Records provided: Begin

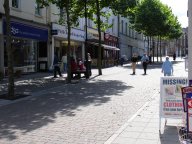 empty streets, boarded-up shops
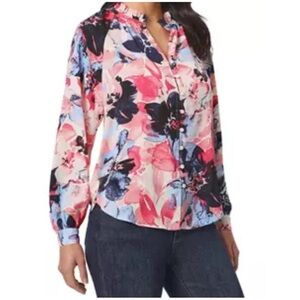 Jones New York Petite Printed Ruffled Peasant Blouse, Size PM NWT‎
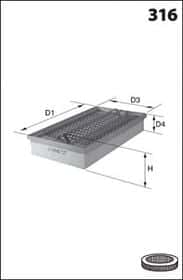 Воздушный фильтр Mecafilter ELP3745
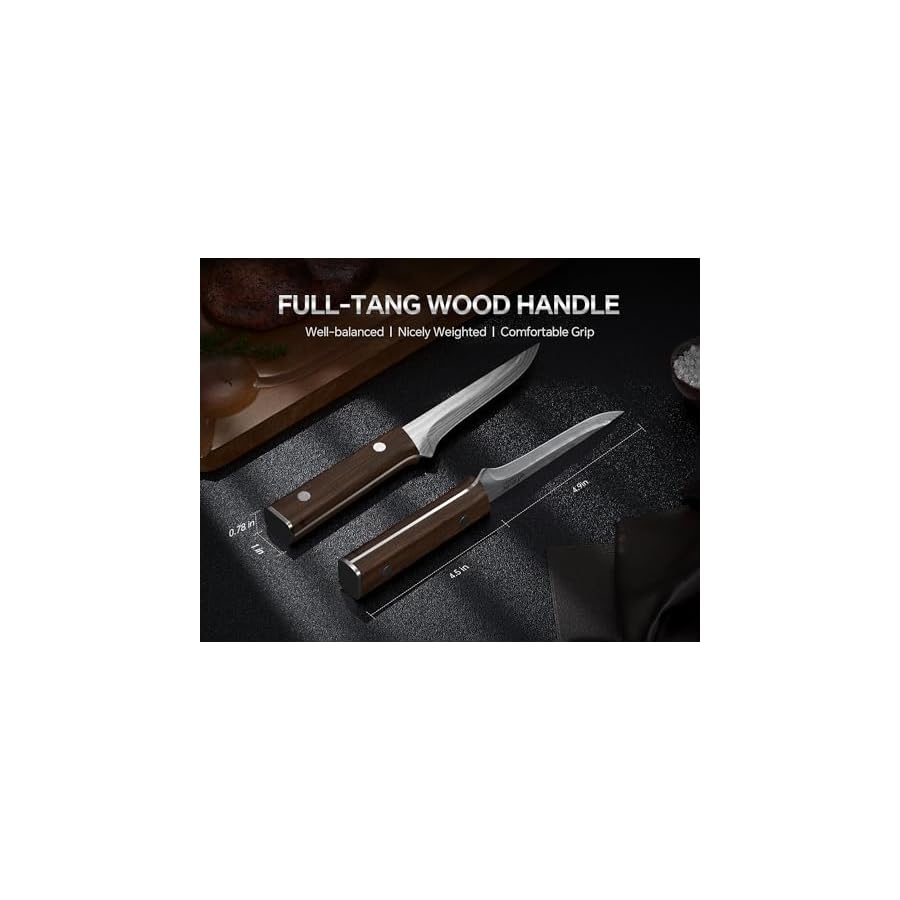 Lvtrupc Steak Knives Set Of 6, 4.9 Inch High-Carbon Japanese Stainless Steel Non-serrated Steak Knife With Wood Handle, Rust Resistant Dinner Knives With Gift Box (Set Of 6)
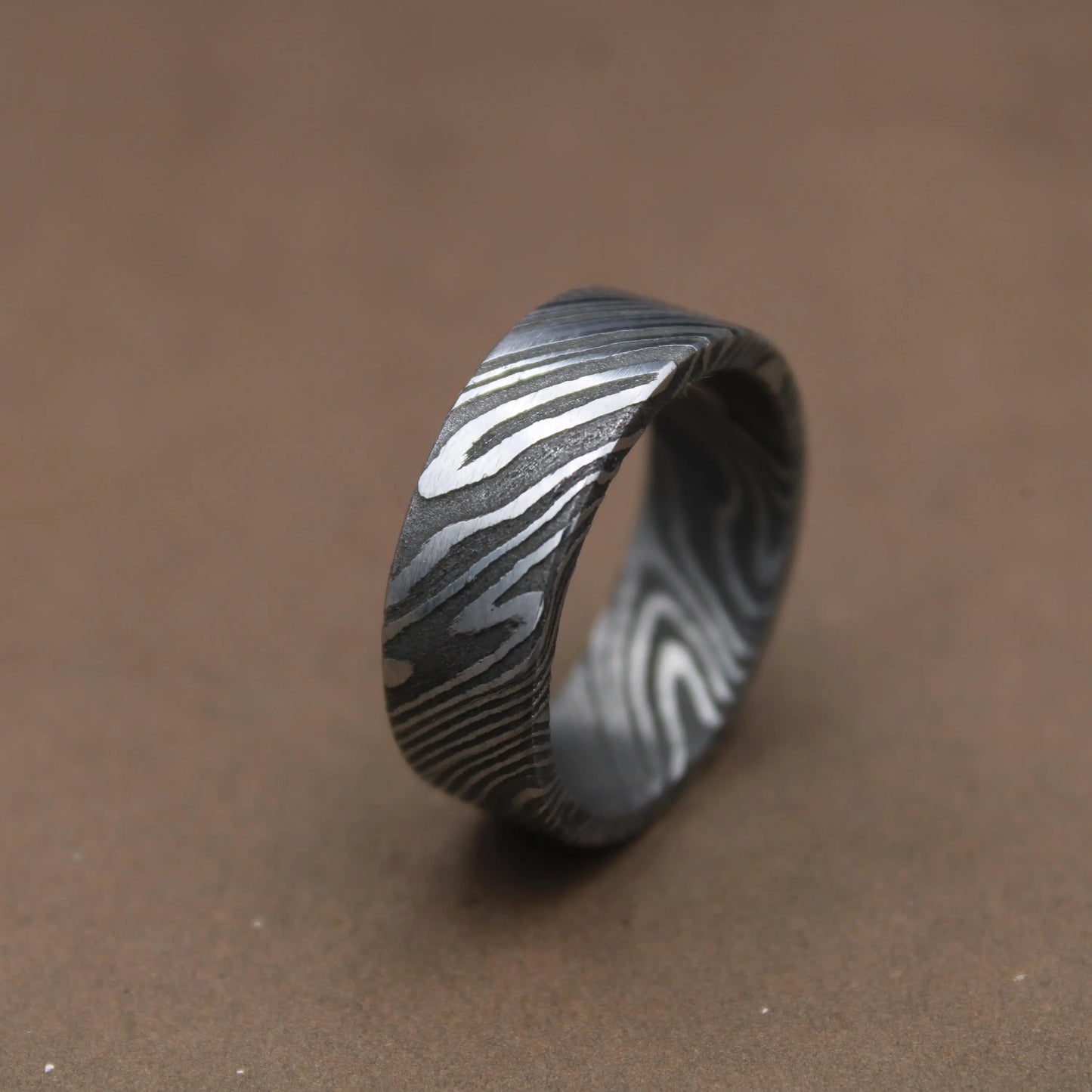Simple Damascus Ring with Deep Pattern 6mm Flat Shape Ring Band for Him Aesthetic Band Ring Jewelry Durable Ring Handmade Damascus Ring My Store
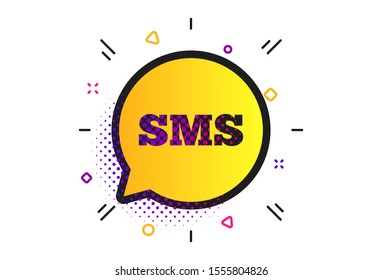 Icono de burbuja de habla SMS. Patrón de puntos de semitono. Símbolo del mensaje de información. Icono de sms planos clásicos. Vector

Records provided: End

**Brief**. Extract every line of the data exactly; pictures stay out.

**Task result**.
 empty streets, boarded-up shops
 Jones New York Petite Printed Ruffled Peasant Blouse, Size PM NWT‎
 Воздушный фильтр Mecafilter ELP3745
 Lvtrupc Steak Knives Set Of 6, 4.9 Inch High-Carbon Japanese Stainless Steel Non-serrated Steak Knife With Wood Handle, Rust Resistant Dinner Knives With Gift Box (Set Of 6)
Simple Damascus Ring with Deep Pattern 6mm Flat Shape Ring Band for Him Aesthetic Band Ring Jewelry Durable Ring Handmade Damascus Ring My Store
 Icono de burbuja de habla SMS. Patrón de puntos de semitono. Símbolo del mensaje de información. Icono de sms planos clásicos. Vector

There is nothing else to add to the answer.